NEW DELHI: For Anjishnu Bose, the Vaishali (Ghaziabad) lad who’s likely ranked the highest in JEE Advanced in Delhi, getting into an IIT is not even the first option. He wants to take his prodigious brain—he’s also won the Kishore Vaigyanik Protsahan Yojana scholarship for basic science students that’ll see him through to research—and an all-India rank of 26 to the Indian Institute of Science, Bangalore. 

“I want to do BSc Physics,” say Bose. “IISc is first option. If that doesn’t work, I’d prefer to join the general Physics programme at IIT Kanpur or Kharagpur.” But he may not even need a plan B. He has already been called for counselling for the KVPY quota at IISc which will be held on July 1. JEE Advanced is itself Plan B. 
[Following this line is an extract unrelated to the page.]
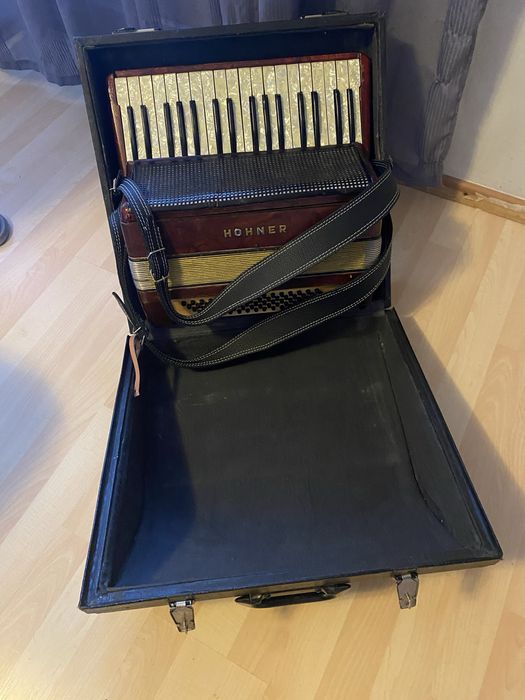 Vand acordeon Hohner sita la pret f bun!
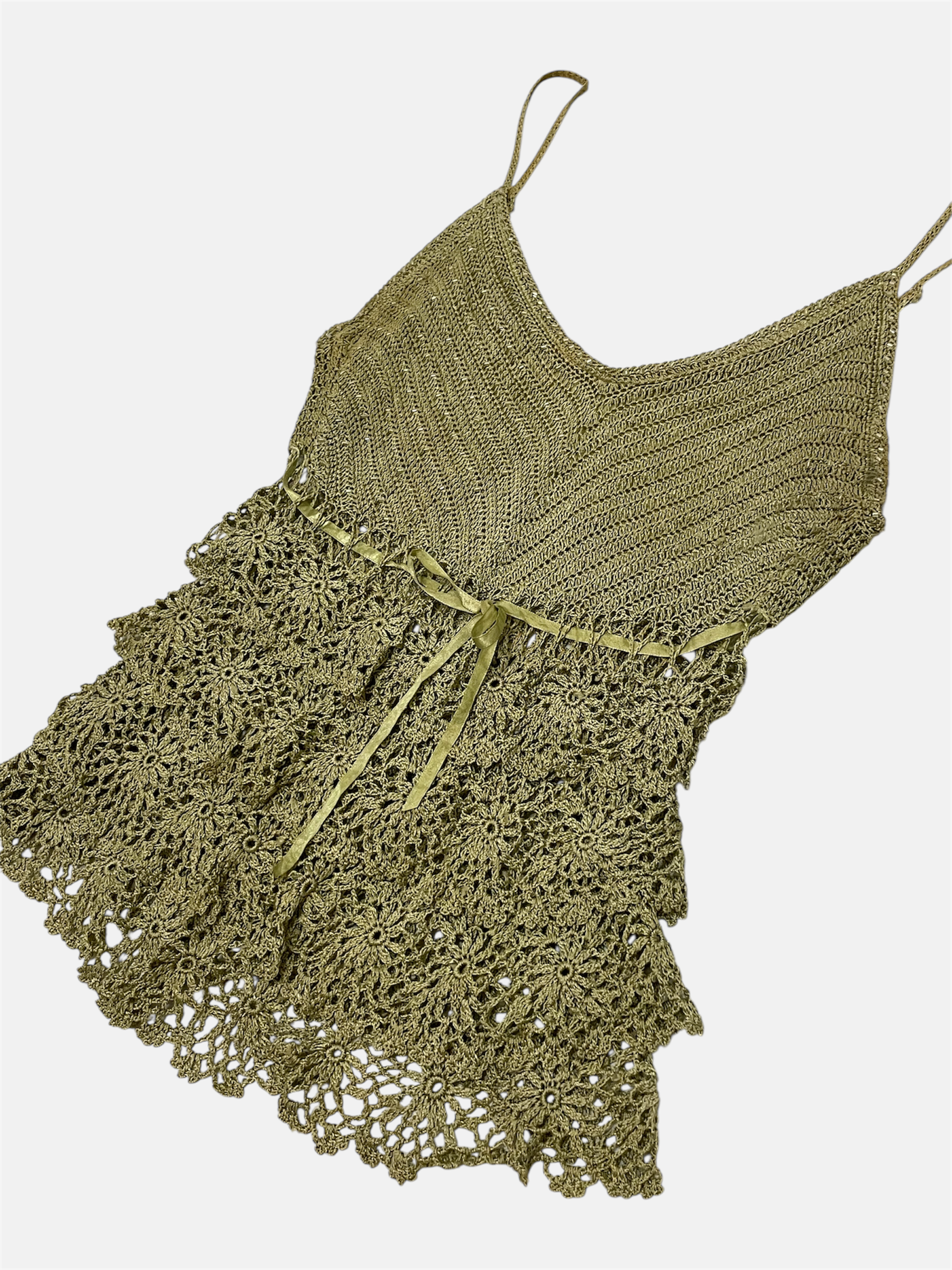 Virkattu röyhelötoppi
No corporate or coding job with a fat paycheck for him either—Bose will be a full-fledged scientist. “After my BSc, I’ll pursue a master’s and then research.” He attended coaching on school days and put in “nine-10 hours” of self study on days off. The student of SR DAV School Dayanand Vihar, scored a 97.4% in his CBSE board exams. But Bose is far from being a dull all-work-no-play kid. He plays video games in his free time, reads science fiction voraciously and plays the keyboard. “I have a Trinity Grade V certificate in keyboards,” he says and is partial to Beethoven and Mozart. And he still finds time to practise Buddhist chanting every day. “It is a form of meditation. I am also fascinated by the Gita.” Bose’s elder sister and father Tapas Bose, a PSU employee, are both engineers; mother Jhuma Bose tutors kids at home. 

Suyash Agarwal (AIR 69) moved from Satna—where the all-India topper is based—to Delhi to attend coaching here. His school is in Haryana and he’d travel to Delhi to attend weekend classes. “I’d travel about 100km in a day on weekends,” Agarwal says.